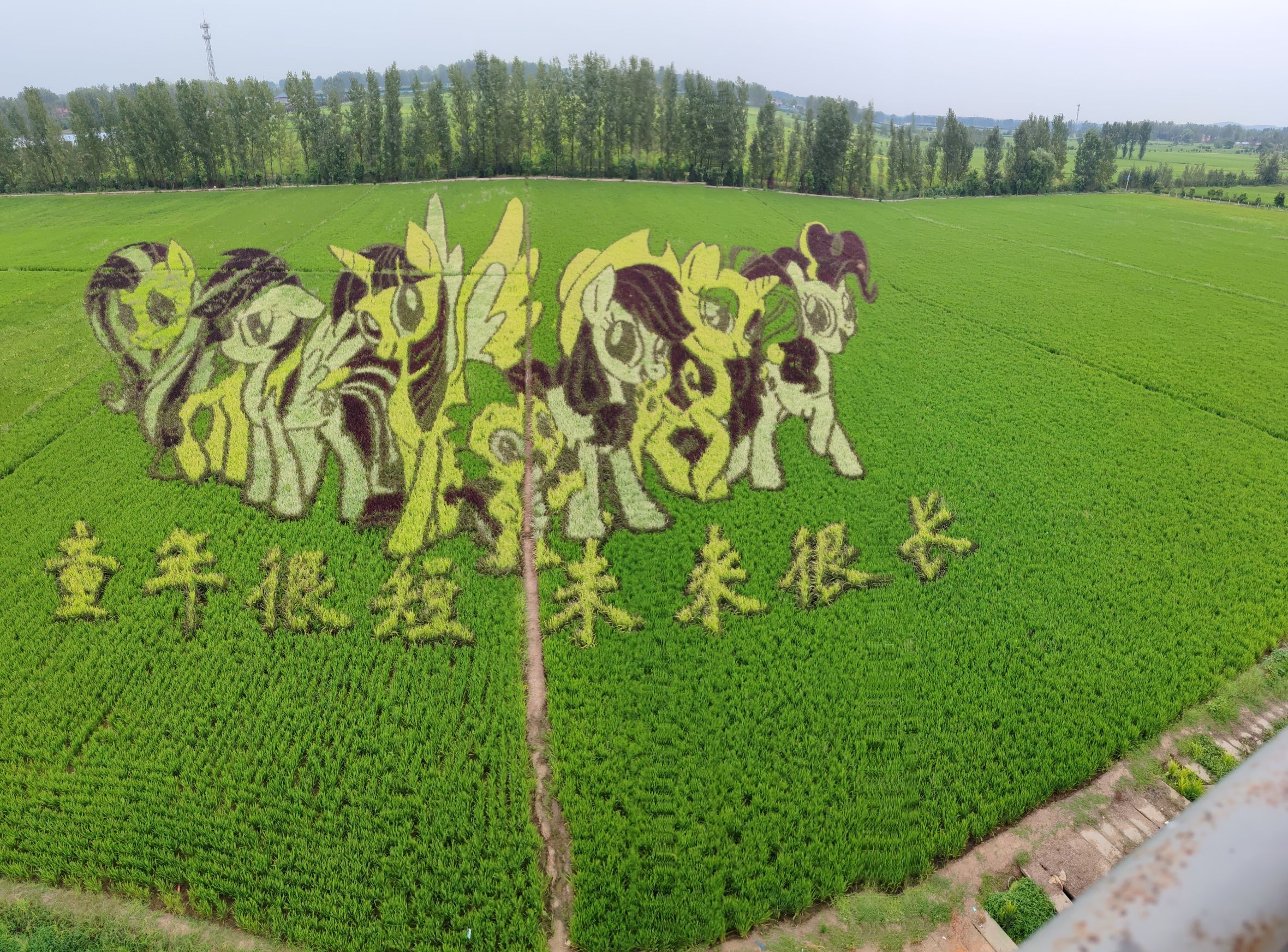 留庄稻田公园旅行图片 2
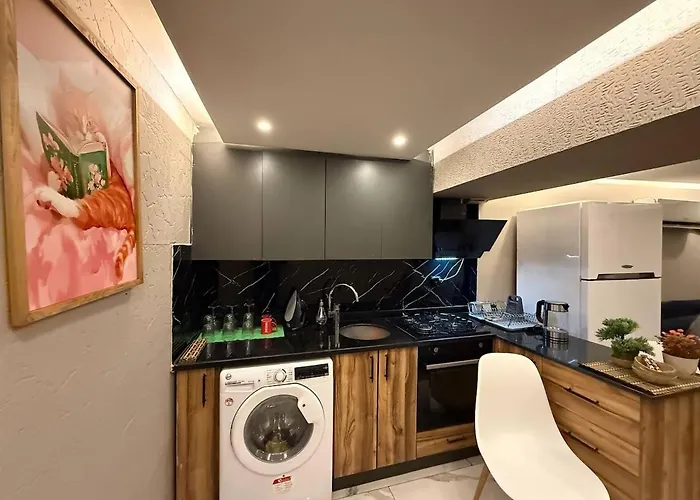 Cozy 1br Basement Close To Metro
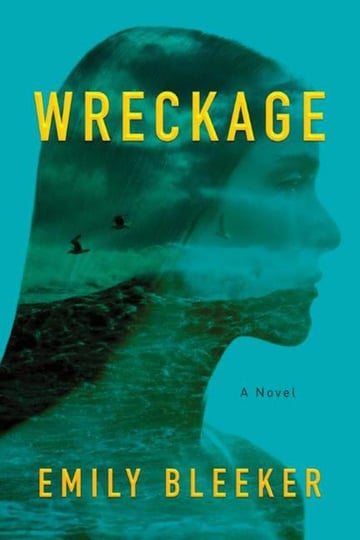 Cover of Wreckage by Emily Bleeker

* * *

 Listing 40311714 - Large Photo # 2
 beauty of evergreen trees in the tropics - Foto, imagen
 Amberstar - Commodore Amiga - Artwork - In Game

...

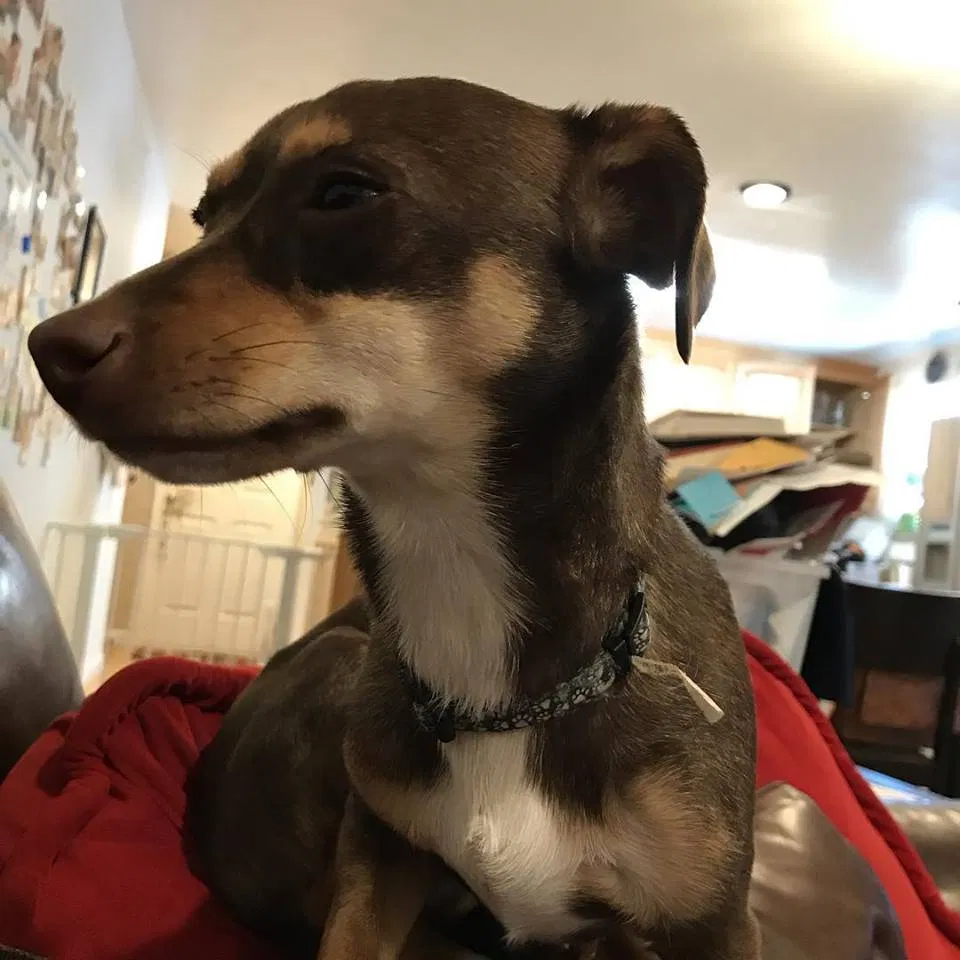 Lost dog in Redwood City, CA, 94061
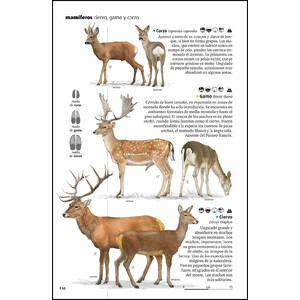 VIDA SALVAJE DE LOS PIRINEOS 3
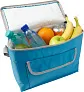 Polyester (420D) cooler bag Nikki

__Task goal__:
Among the entries above, take the lines from the one with "留庄稻田公园旅行图片 2" through the one with "Cover of Wreckage by Emily Bleeker" and retype them exactly, leaving out the pictures.

__The completed task__:
 留庄稻田公园旅行图片 2
 Cozy 1br Basement Close To Metro
 Cover of Wreckage by Emily Bleeker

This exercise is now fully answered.